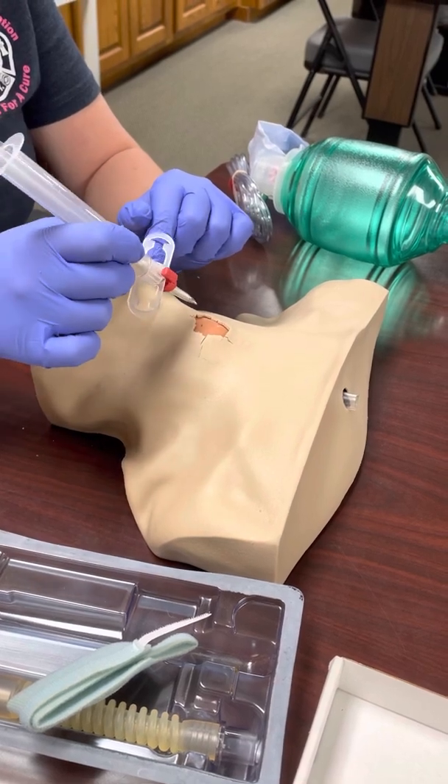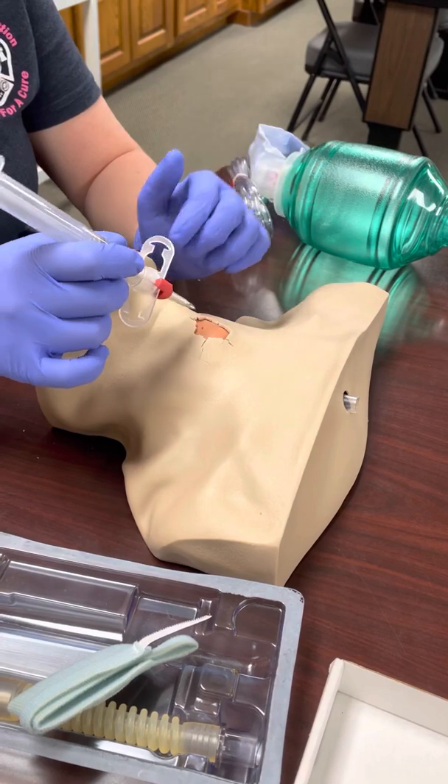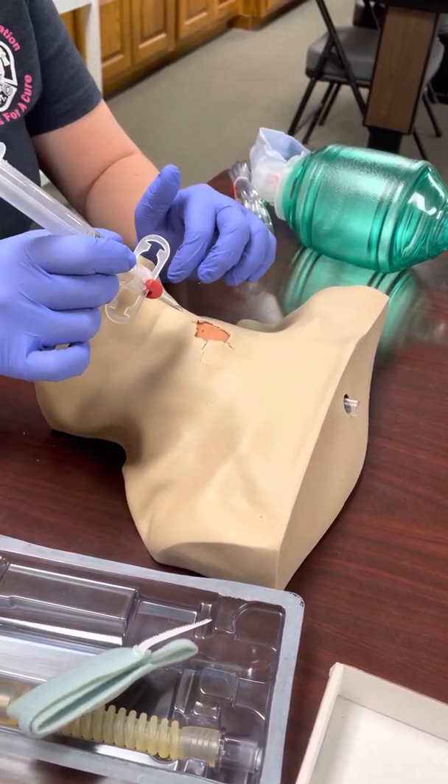I think of it as cannulating a trachea just like you would with an IV into a vein. You want to follow that natural curve into the trachea so you don't poke through to the esophagus.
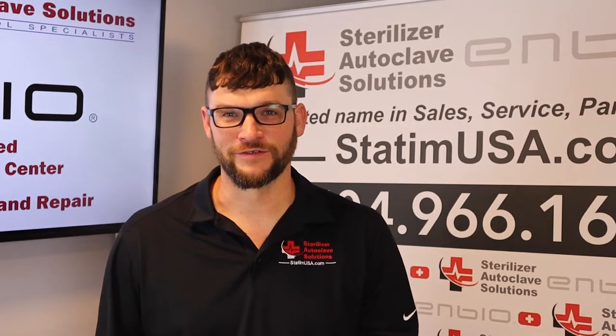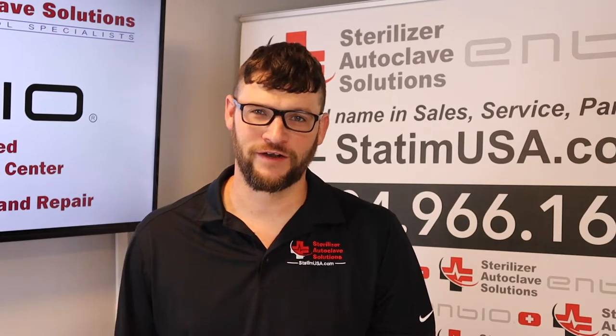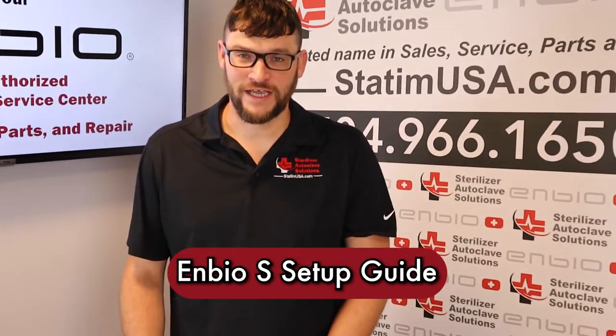Hi, this is Ian with Sterilizer Autoclave Solutions, your United States authorized warranty and service center for the NBOS. We also offer sales, service, parts, and repair. Today we're looking at the NBOS and how to set this unit up.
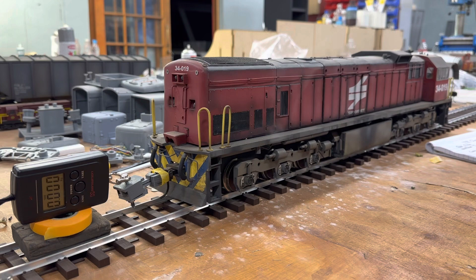Standing still now where the smoke is dead, it shows 2.08 amps. So with the smoke there's nearly nothing going on, but let's go slowly and see what it does.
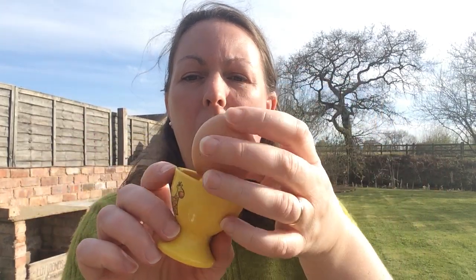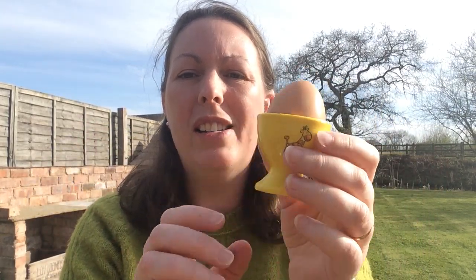For our craft activity today, hopefully you've got some eggs that you can use. If you've got small children you might want to have hard-boiled them so that they don't crack if they hold them. You might also want a little egg cup to put it in whilst you're going to decorate it.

□ □ □

— Requirement —
Output nothing but an exact retyping of the material, pictures excluded.

— Exercise solution —
I think of it as cannulating a trachea just like you would with an IV into a vein. You want to follow that natural curve into the trachea so you don't poke through to the esophagus.
Hi, this is Ian with Sterilizer Autoclave Solutions, your United States authorized warranty and service center for the NBOS. We also offer sales, service, parts, and repair. Today we're looking at the NBOS and how to set this unit up.
Standing still now where the smoke is dead, it shows 2.08 amps. So with the smoke there's nearly nothing going on, but let's go slowly and see what it does.
For our craft activity today, hopefully you've got some eggs that you can use. If you've got small children you might want to have hard-boiled them so that they don't crack if they hold them. You might also want a little egg cup to put it in whilst you're going to decorate it.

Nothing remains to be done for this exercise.